Florida State University’s Maggie Allesee National Center for Choreography has been awarded a second round of funding from the National Endowment for the Arts (NEA) to support creative laboratories for emerging dance artists and their collaborators.
The MANCC Forward Dialogues (MFD) program is a laboratory designed to support and catalyze the ideas of emergent movement-based artists by providing access to a stimulating environment that encourages experimentation, exploration and lifelong learning.
“It’s a great honor to have the national field recognize our work through this NEA award,” said Carla Peterson, director of MANCC. “We are proud of MANCC’s Forward Dialogues program, as it is vital to our field that we continue to identify and support the next generation of choreographic voices. We look forward to welcoming our new cohort of MFD artists to our campus in 2019.”
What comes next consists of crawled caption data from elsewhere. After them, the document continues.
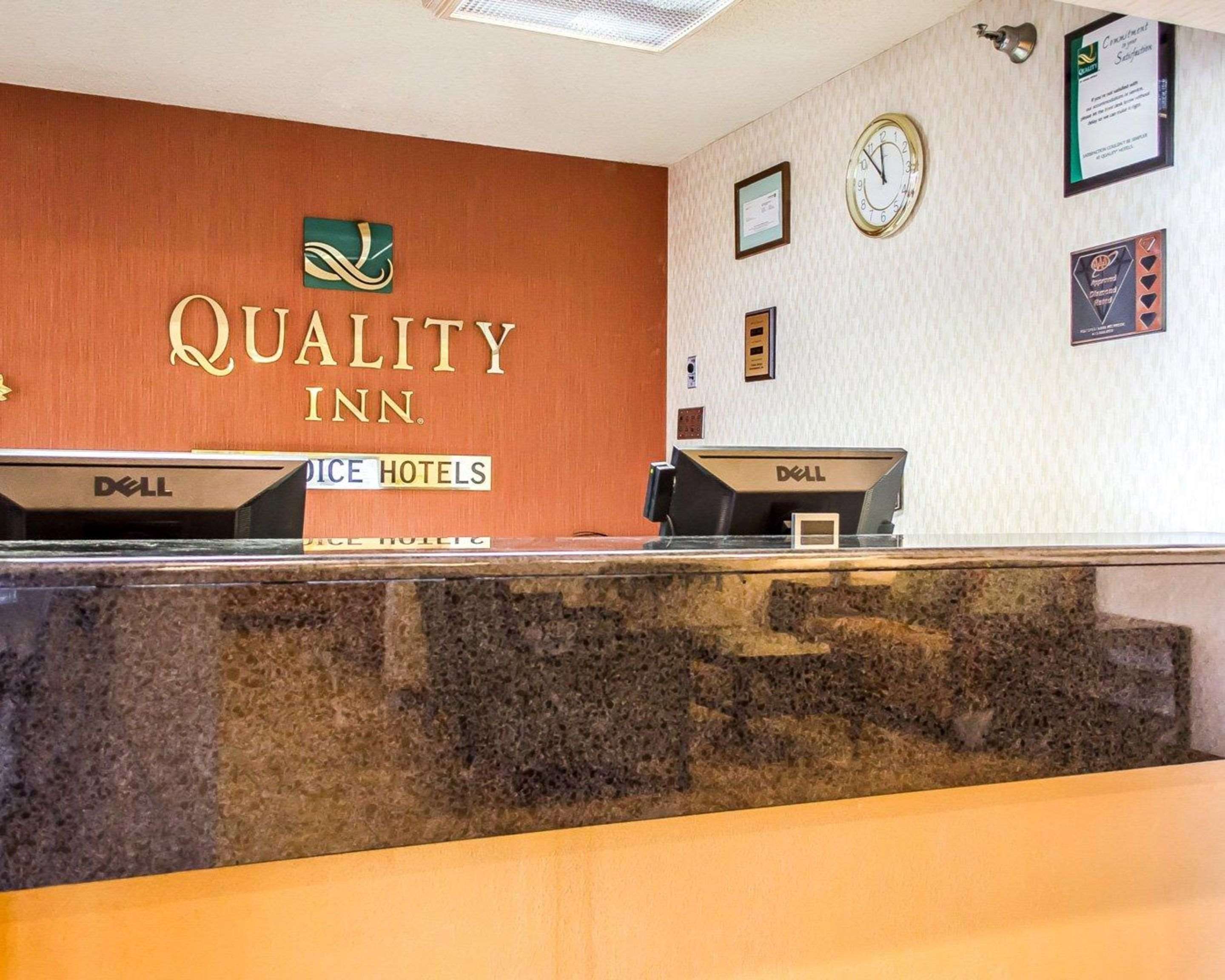 Front desk | Quality Inn Harrisburg - Hershey Area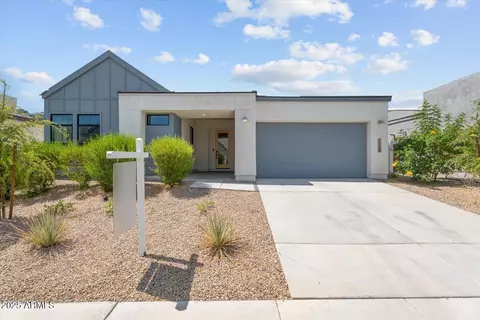 1113 E La Mirada Dr, Phoenix, AZ 85042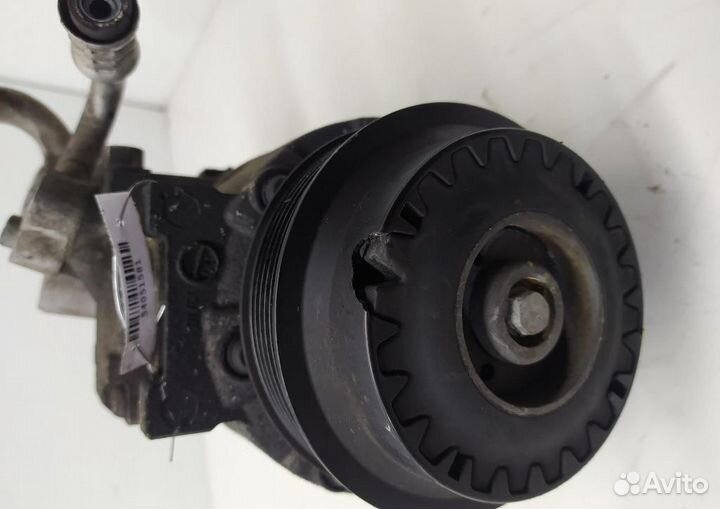 Компрессор системы кондиционирования Mercedes-Benz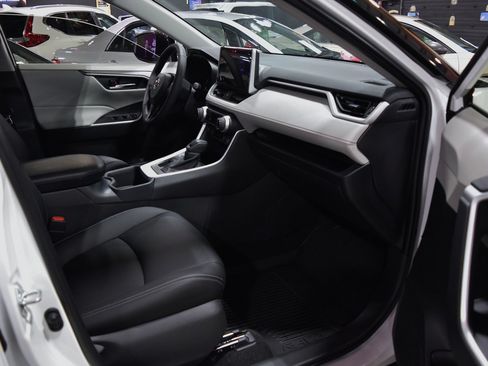 Used 2025 Toyota RAV4 XLE Premium image 21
The $40,000 NEA Art Works grant follows the center’s successful launch of the MANCC Forward Dialogues pilot program in 2017.
With this renewed funding, MANCC will facilitate the program for a second time in Spring 2019. MFD will continue to support emerging choreographers as they partner with another creative artist of their choice — in dance or another field — to establish or push further a generative artistic relationship.
The lab, facilitated by leaders in the field of dance and performance, is a 14-day, process-oriented immersion that develops, examines and allows for the articulation of the participants’ nascent choreographic voices.
In addition, MANCC has been awarded funding from the Sustainable Arts Foundation (SAF), which supports artists with children. For many parents the financial, emotional, and logistical demands of raising a family make attending a traditional artist residency program impossible. The foundation provides funding to allow residency programs, such as MANCC, to make their programs more accessible to parent artists. MANCC will use these funds to assist artists with costs relating to child care during their time in Tallahassee.
“MANCC has been supporting parent artists since 2004,” said Ansje Burdick, managing director of MANCC. “This funding now allows us to take our support to the next level by covering the real costs parent artists incur when they enter in to residency.”
MANCC, embedded within FSU’s School of Dance, offers unparalleled opportunities for contemporary choreographers to hone their artistic practice and develop new work inside a creative community.